Based on true accounts of those who have survived during the waning days of World War II, the thrilling and inspiring “USS Indianapolis: Men of Courage” tells of the Navy warship USS Indianapolis that secretly delivered one of two atomic bombs that would eventually end the war.
“USS Indianapolis: Men of Courage,” stars Nicolas Cage, Tom Sizemore, Thomas Jane, Matt Lanter, Brian Presley and Cody Walker and directed by Mario Van Peebles. When the Japanese learned of the USS Indianapolis within reach, they attacked and sank the heavy cruiser. The USS Indianapolis’ mission was so classified it was not reported missing, and no one knew the ship had been attacked until four days later. Stranded in the shark-infested waters of the Philippine Sea, the remaining survivors of the USS Indianapolis endured hunger, thirst, heat, delirium, relentless shark attacks and the death of many shipmates. Of the 1,197 crewmembers, nearly 300 went down with the ship. Five days later only 317 men survived and were eventually rescued.

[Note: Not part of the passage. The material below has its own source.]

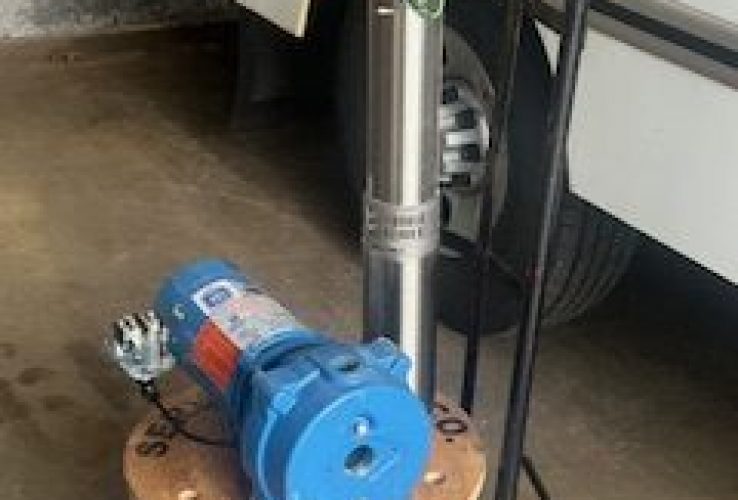 Well Pumps Well Pumps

Long before the cameras rolled, Richard Rionda Del Castro and Cam Cannon of Hannibal Classics decided to write the script for “USS Indianapolis: Men of Courage.” They wanted to tell the real story of what happened to the ship’s crewmembers just after midnight on that fateful day, 30 July 1945. "I produced this film to pay homage to the final crew of the USS Indianapolis, to acknowledge and honor them, along with their families,” says Rionda Del Castro. “To make sure new generations, worldwide, would learn of their harrowing and heroic saga, forever.”
They did exhaustive research, with survivors, the US Navy, court documents and historical papers. In their research, they discovered the Second Watch organization formed by the family members, friends and supporters of the men of the USS Indianapolis. Their mission statement reads, Although the USS Indianapolis (CA35) died at sea, the memory of her crew lives. Through the efforts of the USS Indianapolis (CA35) Second Watch, the memory of the Indianapolis will be preserved; her history, story, feeling and experiences shared. The Second Watch became an instrumental part of the project, providing historical facts, records and photos from survivors and their families. Most importantly, they provided a connection to survivors still living.
Five years and 200 drafts later, Hannibal’s script was ready. The search for the right director began. Mario Van Peebles, who had worked with Hannibal previously, expressed tremendous interest in the film, Van Peebles knew he had to tell the crewmen’s story, and lobbied hard to direct the film. For the part of Captain Charles Butler McVay, both Hannibal and Van Peebles agreed Nicholas Cage would be perfect. According to Van Peebles “Cage has a sense of command, a wicked sense of humor, is super professional, and is on the ball.”
“One of my dreams, my first love, has always been the ocean,” says Cage. “I have always dreamed of doing a film on the ocean. I had to get on the water, and Richard said ‘it just so happens I have a script.” Cage agreed to be the films’ anchor. Cage further shares, “My impression on meeting these survivors, was that they were, they are, remarkably strong willful people. The fact they are still with us . . . We wanted to honor them. They are true heroes.”